L’anniversaire lui-même (qui pourrait concerner toute une période de temps, entre l’attaque argentine initiale en mars et la fin de la reconquête, début juin) doit exacerber les deux positions antagonistes puisqu’il permet de glorifier la puissance nationale. Il est un motif de fierté pour les Britanniques, pour l’exploit stratégique accompli à l’époque par leurs forces (et qui serait impossible à renouveler aujourd’hui, à cause de l’absence de moyens) ; il ne l’est pas moins pour les Argentins, technologiquement inférieurs aux Britanniques mais dont les pilotes accomplirent durant cette campagne de 1982 certains des plus extraordinaires exploits de la guerre aérienne moderne grâce à leur courage et à leurs incroyables capacités et audaces de pilotage dans leurs attaques contre la flotte britannique.

Les deux pays vont donc commémorer ce souvenir, chacun avec des motifs de fierté nationale, donc d’autant plus de susceptibilités l’un par rapport à l’autre.

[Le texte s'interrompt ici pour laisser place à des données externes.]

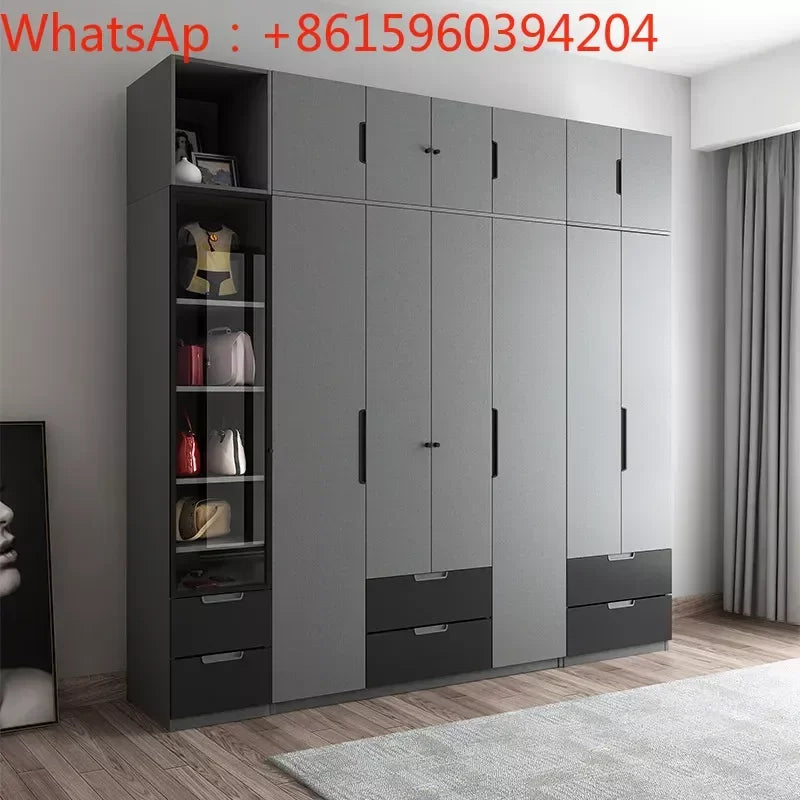 Wardrobe with top cabinet Combination Modern simple three door four Side hung bedroom
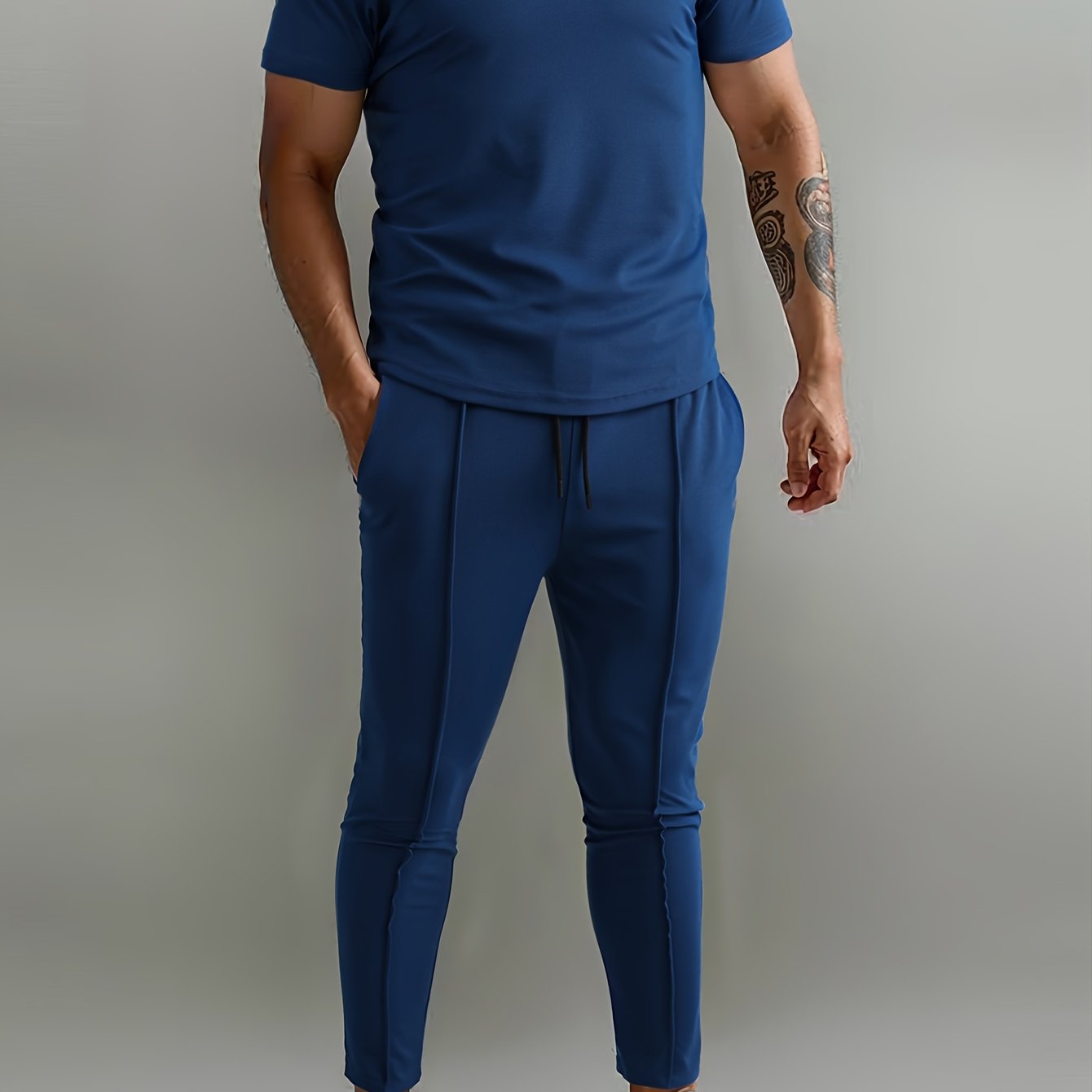 Men's Slim-Fit Casual & Joggers Set - Breathable Polyester, Short Sleeve, Summer Outdoor Wear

Là aussi, la communication va nourrir la tension, dans un environnement de crise générale où le continent sud-américaine a de très fortes tendances à s’unir, à la fois au nom d’un passé d’humiliation et au nom de ses revendications présentes, contre le bloc BAO, et surtout le monde anglo-saxon et ses tendances constantes à l’impérialisme mercantiliste. (Se rappeler la fameuse conférence de presse commune Lula-Gordon Brown à Brasilia en mars 2009, en pleine première phase de la crise financière, – voir le 27 mars 2009, – où le président brésilien accusa “l’homme blanc aux yeux bleus” de la responsabilité de cette crise qui, déjà, frappait le monde entier : «In Brazil, Gordon Brown continued his pre-[G20] summit tour but there was embarrassment when his host, President Luiz Inacio Lula Da Silva, said the financial crisis was caused by “white people with blue eyes”. He told a joint press conference with Mr Brown that he had never met a black banker.») Le vieux souvenir des Malouines, s’il ne ressuscitera pas nécessairement une guerre, loin de là, fournit d’ores et déjà un foyer de tension de plus qu’il faut ajouter au bouillonnement de la crise générale dont l’un des axes est la rancœur grandissante et affichée du reste du monde contre les représentants et serviteurs privilégiés, et anglo-saxons, du Système. Le souvenir et la commémoration, comme le reste des activités internationales courantes, peuvent avoir, par la communication et le symbole, une dimension antiSystème bienvenue et vertueuse.